Quantization based techniques are the current state-of-the-art for scaling maximum inner product search to massive databases. Traditional approaches to quantization aim to minimize the reconstruction error of the database points. Based on the observation that for a given query, the database points that have the largest inner products are more relevant, we develop a family of anisotropic quantization loss functions. Under natural statistical assumptions, we show that quantization with these loss functions leads to a new variant of vector quantization that more greatly penalizes the parallel component of a datapoint’s residual relative to its orthogonal component. The proposed approach, whose implementation is open-source, achieves state-of-the-art results on the public benchmarks available at ann-benchmarks. com.

NeurIPS Conference 2017 Conference Paper

Multiscale Quantization for Fast Similarity Search

  • Xiang Wu
  • Ruiqi Guo
  • Ananda Theertha Suresh
  • Sanjiv Kumar
  • Daniel Holtmann-Rice
  • David Simcha
  • Felix Yu

We propose a multiscale quantization approach for fast similarity search on large, high-dimensional datasets. The key insight of the approach is that quantization methods, in particular product quantization, perform poorly when there is large variance in the norms of the data points. This is a common scenario for real- world datasets, especially when doing product quantization of residuals obtained from coarse vector quantization. To address this issue, we propose a multiscale formulation where we learn a separate scalar quantizer of the residual norm scales. All parameters are learned jointly in a stochastic gradient descent framework to minimize the overall quantization error. We provide theoretical motivation for the proposed technique and conduct comprehensive experiments on two large-scale public datasets, demonstrating substantial improvements in recall over existing state-of-the-art methods.

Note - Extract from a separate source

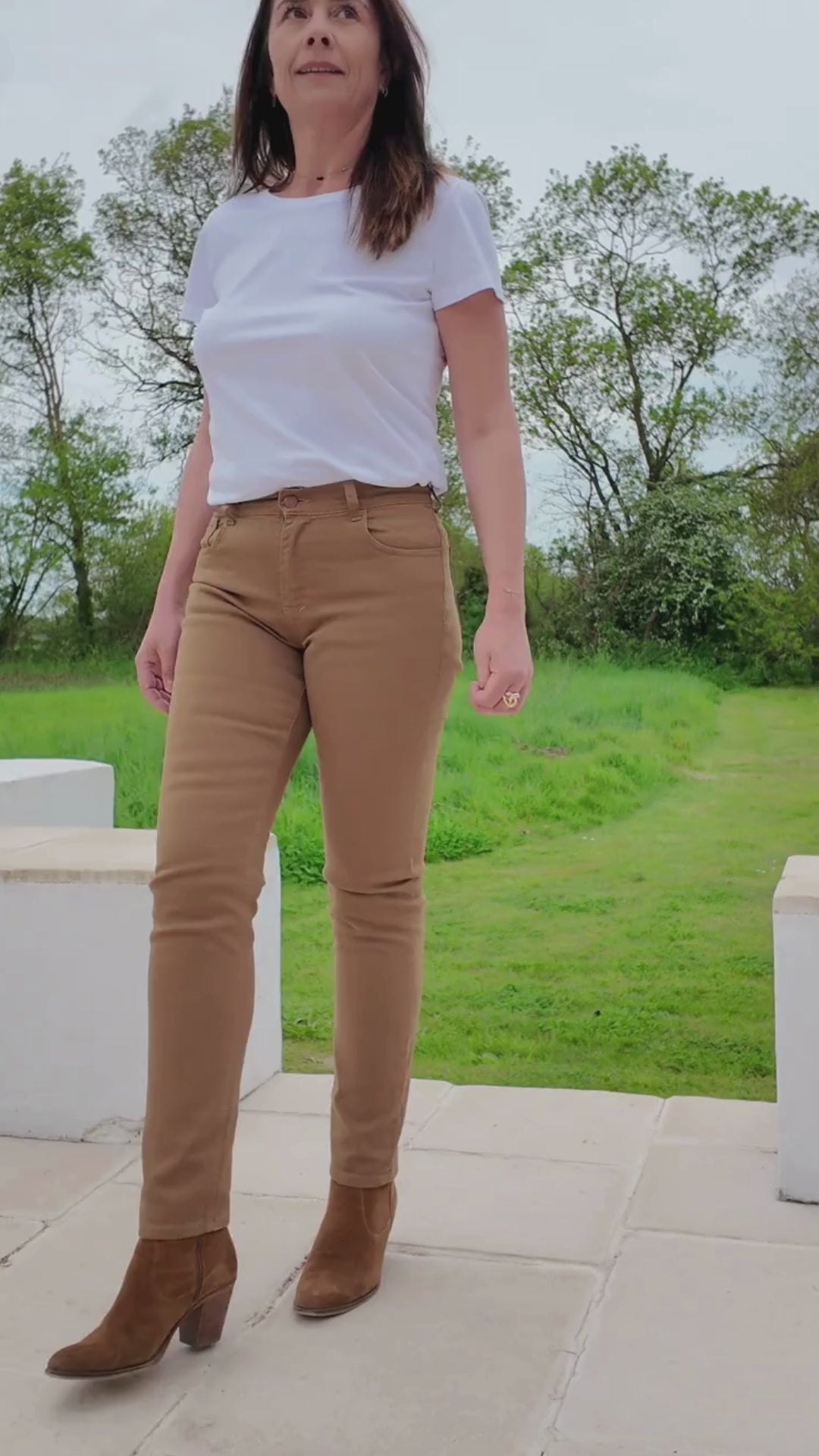 video jean français femme couleur cognac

ICML Conference 2017 Conference Paper

Stochastic Generative Hashing

  • Bo Dai 0001
  • Ruiqi Guo
  • Sanjiv Kumar
  • Niao He
  • Le Song

Learning-based binary hashing has become a powerful paradigm for fast search and retrieval in massive databases. However, due to the requirement of discrete outputs for the hash functions, learning such functions is known to be very challenging. In addition, the objective functions adopted by existing hashing techniques are mostly chosen heuristically. In this paper, we propose a novel generative approach to learn hash functions through Minimum Description Length principle such that the learned hash codes maximally compress the dataset and can also be used to regenerate the inputs. We also develop an efficient learning algorithm based on the stochastic distributional gradient, which avoids the notorious difficulty caused by binary output constraints, to jointly optimize the parameters of the hash function and the associated generative model. Extensive experiments on a variety of large-scale datasets show that the proposed method achieves better retrieval results than the existing state-of-the-art methods.